How we cite our quotes: (Part.Date.Paragraph) or (Part.Section.Paragraph)
Quote #7
"I don't need papers!" I cried. "I don't need proof! I don't need electrified needles and ice water and battery acid and the threat of kerosene! All I do is ask a question, and you answer it! What more perfect proof than one lovely word out of you—Isolde?
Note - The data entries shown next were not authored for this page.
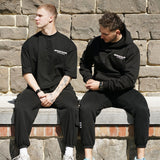 overiszed gym hoodie black spartans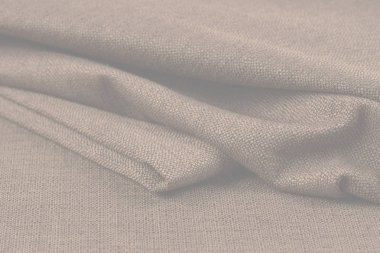 Buruşuk kumaş arka plan ve doku. Soyut arkaplan, boş şablon. Seçici odak.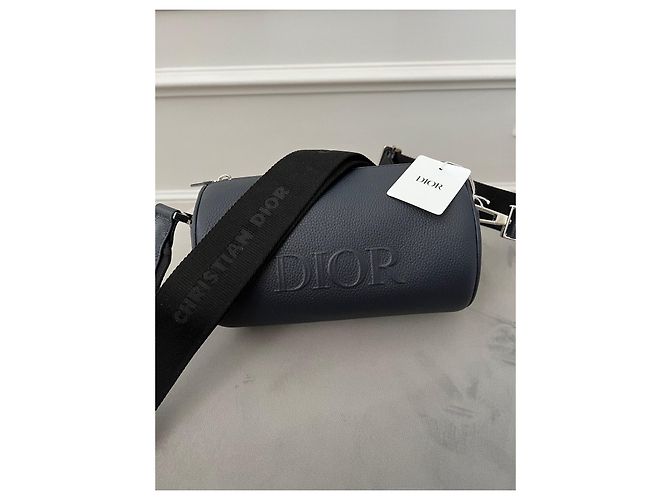 Dior Roller bag navy blue grained calf leather - view 6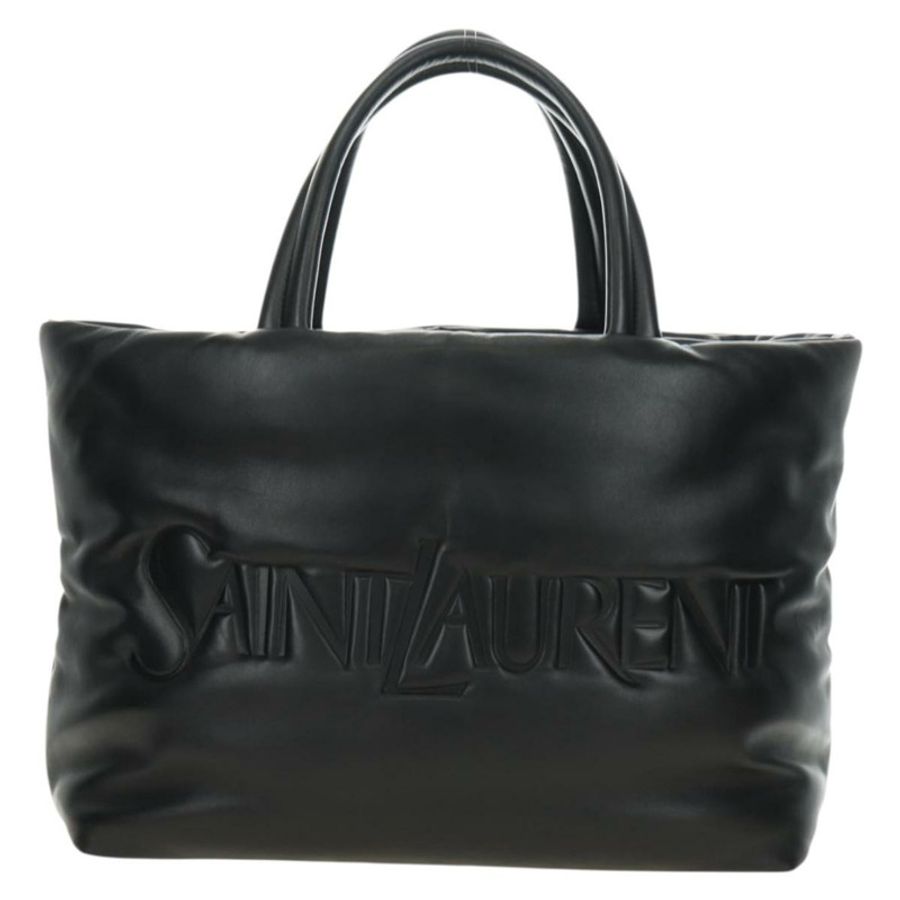 【日本直送】SAINT LAURENT 黑色羊皮托特包，正品，貨號 185833SM-12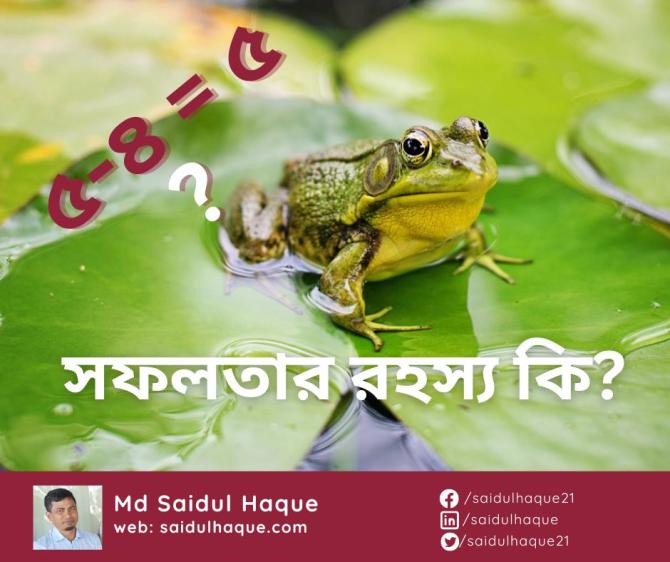 সফলতার রহস্য- সেই ব্যাঙ হোন যে তার লক্ষ্য, স্বপ্ন এবং আকাঙ্ক্ষার দিকে ঝাঁপিয়ে পড়ে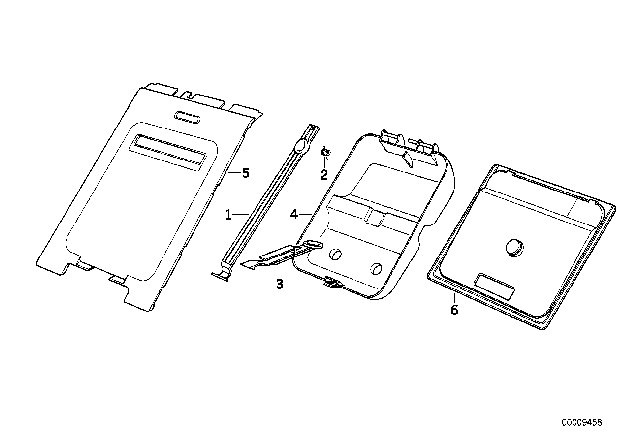 1992 BMW 525i Ski Bag, Single Parts Diagram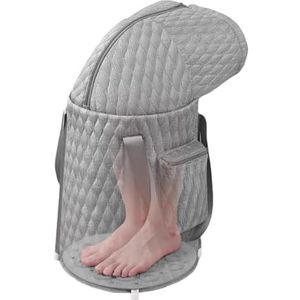 TT-YEC Draagbare Opvouwbare Voetbad, Kniehoge Voetbad Emmer, Uitgerust Met Massagevoetkussen, Multifunctionele Voetbagentas, Lichtgewicht En Ruimtebesparende Voetbad,Grijs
I'm a wireless operator!" (1.24.XI.43.19)
For an interrogator, von Linden isn't very good at protecting himself from interrogation. He knows Julie is Eva Seiler, but he still spills the beans the second she asks him a question.
Quote #8
How does she do it? She makes it sound like she is so cut up to be giving them this information, and it's all just bumph out of her head. She never told them ANYTHING. (2.20.1)
We really don't know how she does it, but Julie does admit a million times that she likes to make up stories. The clues are there that all is not as it seems. Why would Julie give her captors clues not to trust what she's saying?
Quote #9
Creighton is the name of the Colonel in Kim. I know, because Julie made me read it—partly, I am dead sure, as a warning about how both of us were being fine-tuned for the war machine by that Bloody Machiavellian Intelligence Officer whose real name she also knows perfectly well. (2.20.2)
Again Julie knows what's happening. She knows what the Intelligence Officer is up to, and she's happy to go along with it, though she does warn Maddie. Can books be a warning? Is there an implicit warning for readers in Code Name Verity?